During her Congressional testimony, Fed Chair Janet Yellen painted a fairly bright picture of the US economy, stressing a rebound in consumer spending, which should allow the central bank to gradually raise short-term interest rates over the next few years. Investors were heartened to hear that message and drove stocks higher, with the Dow closing at a new all-time high after Yellen’s first day of testimony. What could undo this rosy picture? There are a number of risks to the US and global markets that persist, though three rise to the top of the list. Their existence does not mean that long-term investors should change their game plans, but they are a reminder to guard against complacency and to always approach investing with caution.

Federal Reserve: In her testimony, Yellen said, “We are watching inflation very carefully” because it remains so low. Previously central bankers have attributed the recent slow down in prices to transitory factors, but Yellen acknowledged that because “inflation has been running under our two percent objective [core inflation dropped to 1.4 percent year over year in May], that there could be more going on.”

Translation: The Fed is not so sure what the heck is going on and that lack of clarity might put the central bank at risk for allowing rates to stay too low for too long, which in turn might foster asset bubbles. As we know from the past decade, bubbles have a nasty way of popping.

Conversely, if the Fed, as well as the Bank of England, the European Central Bank and the Bank of China all move away from ultra-loose monetary policy too quickly, the combined effect could cause a global slowdown/recession or at least a stock and bond market sell-off.
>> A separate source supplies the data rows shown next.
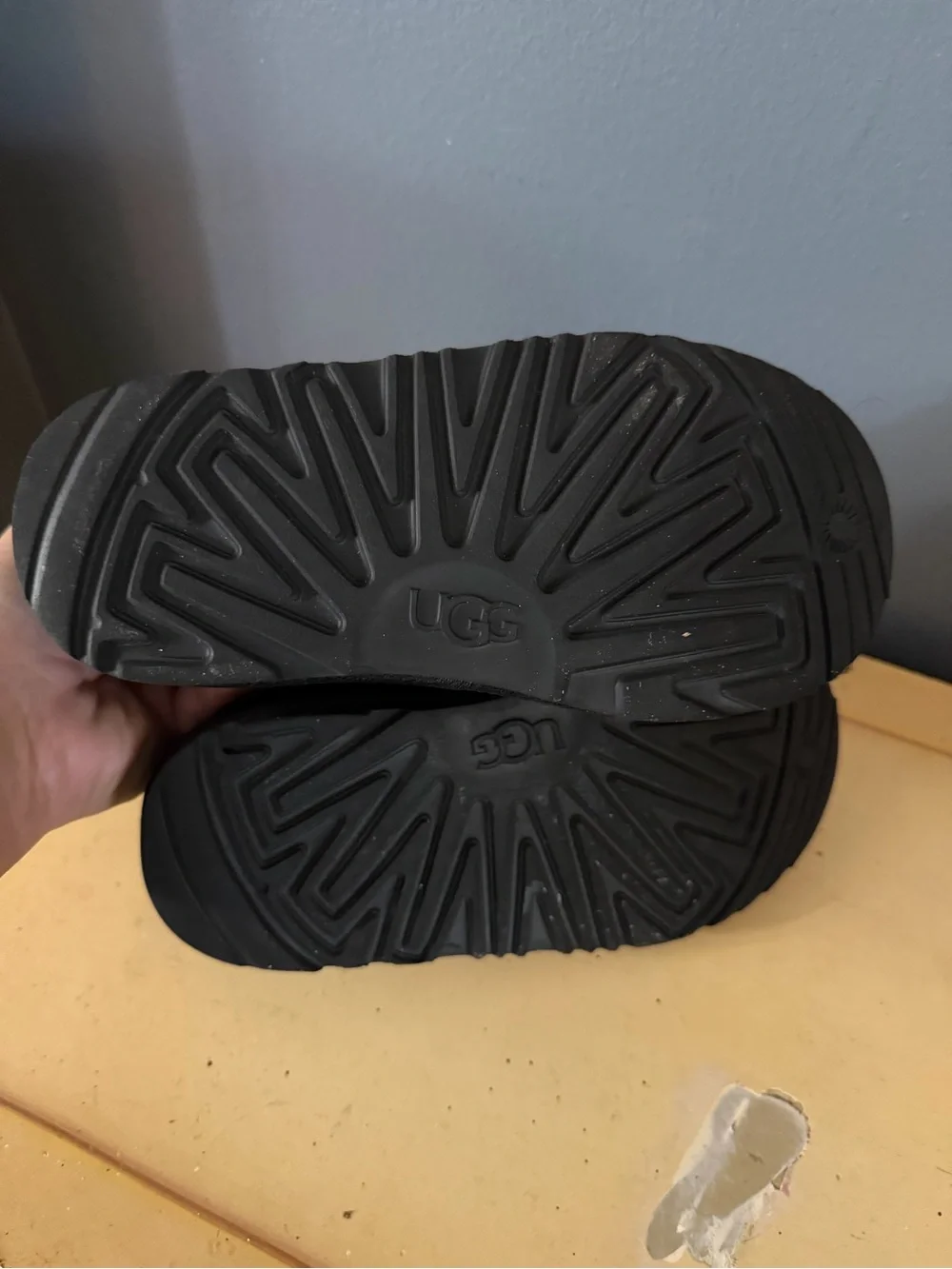 Ugg Neumel Chukka Kid Size 13 Boots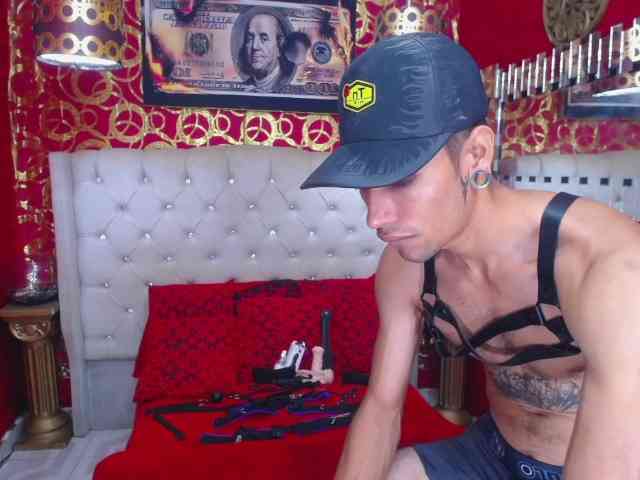 AGRECIT Sex Cam Show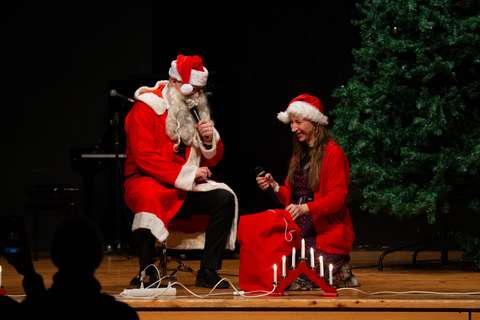 joulupukki ja muori lavalla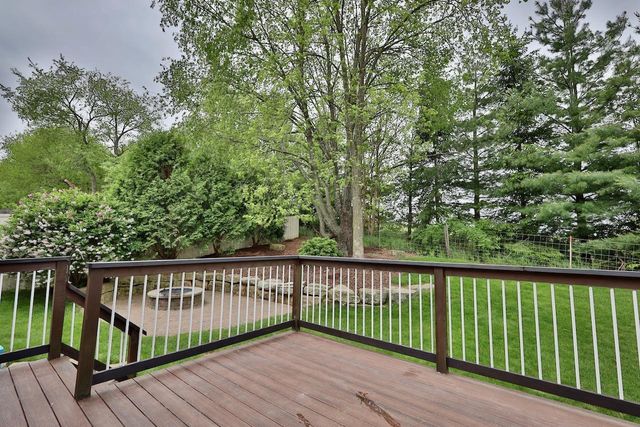 1122 Willow Run, Verona, WI 53593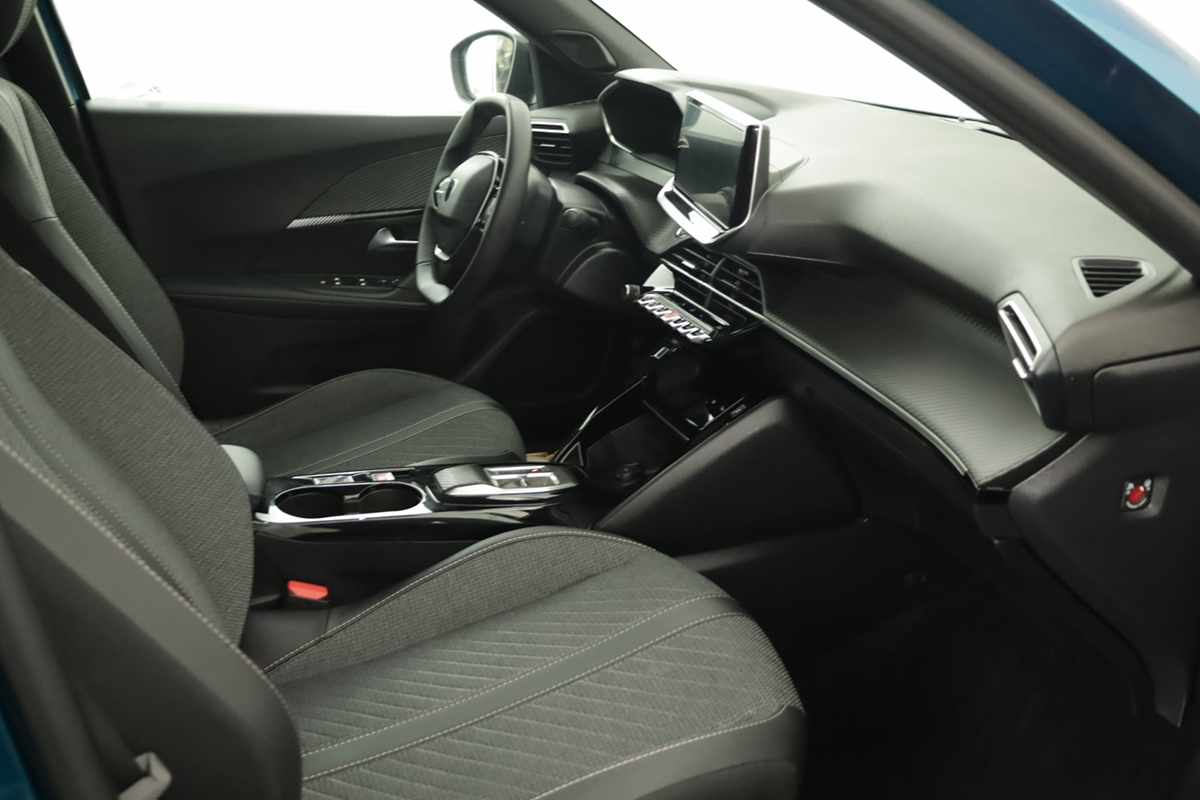 peugeot-e-2008-2025-eletrico-0cc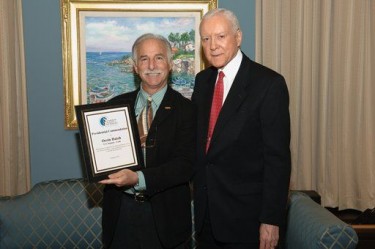 Senator Hatch receives the American Pain Foundation's Public Service Award from Dr. Perry Fine, Professor of Anesthesiology, University of Utah. (Undated photo on Hatch's website) 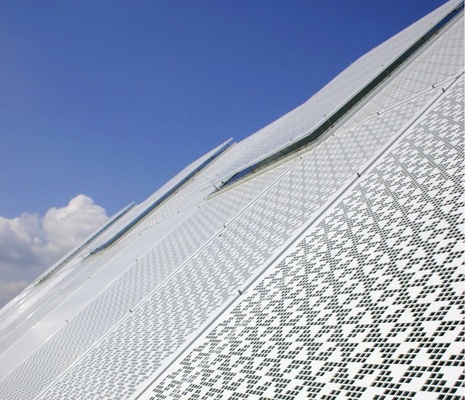 Fixe Verschattung<br />Das „Laubbaum­effektblech“ erzeugt im Gebäude­inneren einen Schattenwurf, der mit dem Sonnenstand wandert.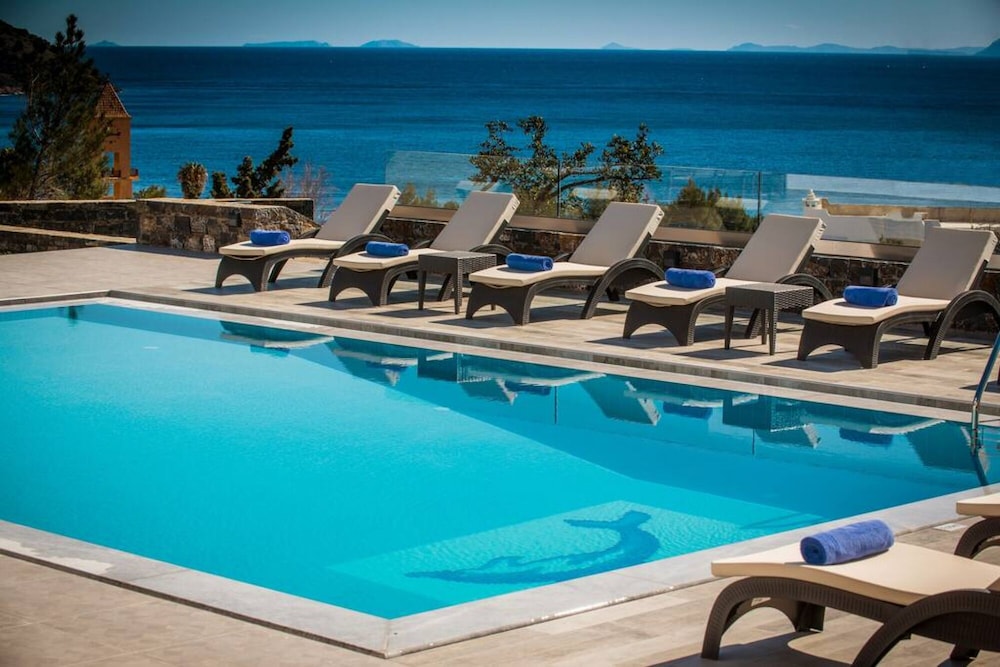 Villa Bellelen With a Heated Pool view 3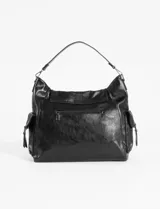 Cartera tipo hobo de cuero vegano color negro, con tapa frontal, cierre de hebilla central y bolsillos laterales con cierre.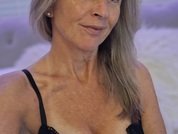 HotMatureLucy26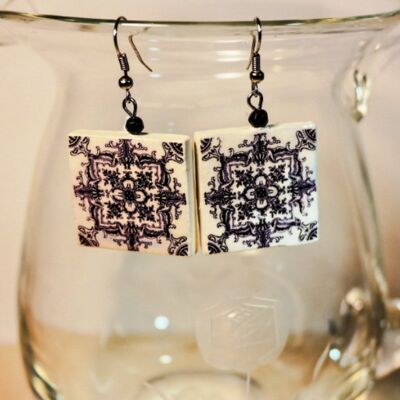 Reversible square earrings with two Portuguese tile patterns-Pattern 2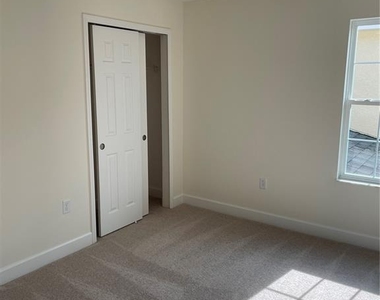 193 Holly Village Drive - Photo Thumbnail 20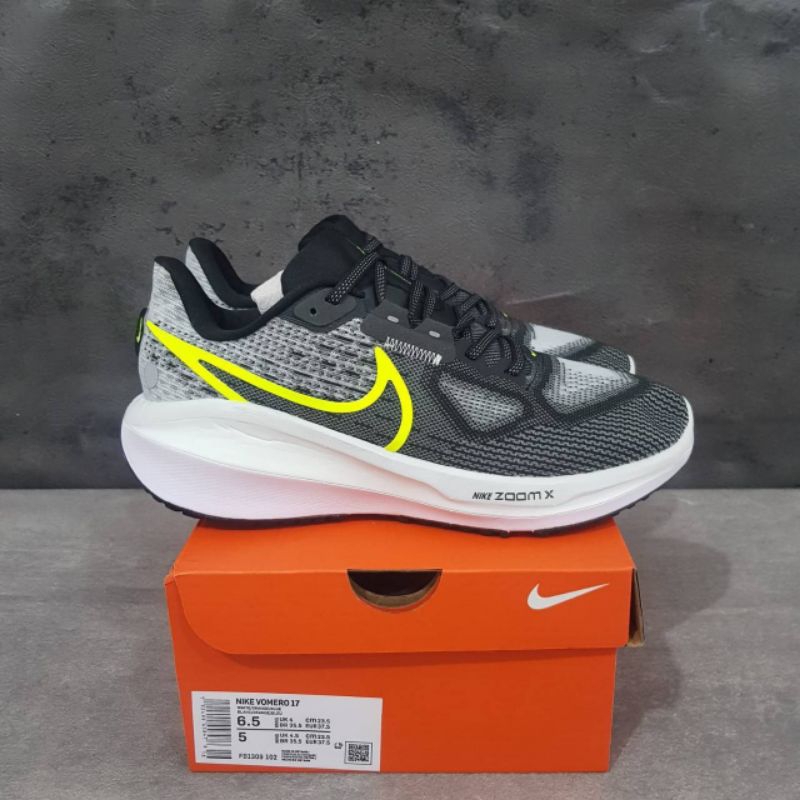 NIke Air Zoom Vomero 17 Black Volt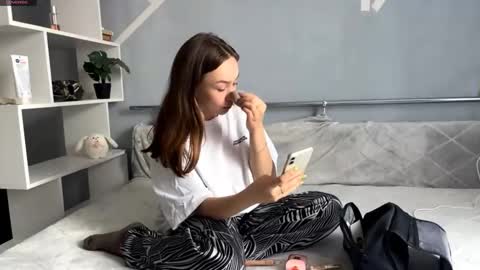 Snapshot of lindseytammo chatting on October 3, 1:52 pm Kate online show from October 3, 1:52 pm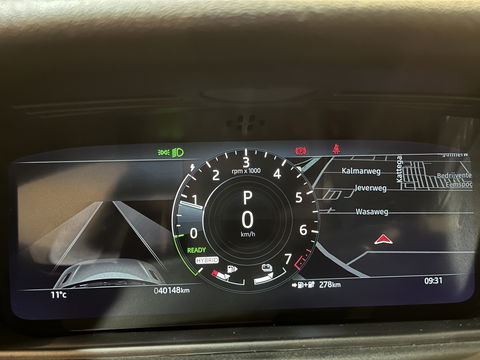 Land Rover Range Rover Velar 2.0 P400e PHEV / 20" LMV / Alcantara / 40.150 KM !!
For a taste of what that could feel like, check out the performance of the bond market over the past few weeks.

Bonds: Much has been written about how the bond market could spark a stock sell off, because if bond prices go down and yields rise, investors might finally bail out of stocks and instead choose to invest in the bond market. What could make the bond market sell off? The easiest answer is that if global central banks are no longer creating massive demand in the market, prices will drop. Of course if bond yields rise because the economy is firming, then both the stock and bond markets should be fine.

Political Upheaval: Although politics has not impacted markets yet, a ratcheting up of anxiety and uncertainty might very well negatively impact them. That goes for the US, Great Britain and its Brexit negotiations with the European Union, as well as unforeseen events in the rest of the world (remember Greece?).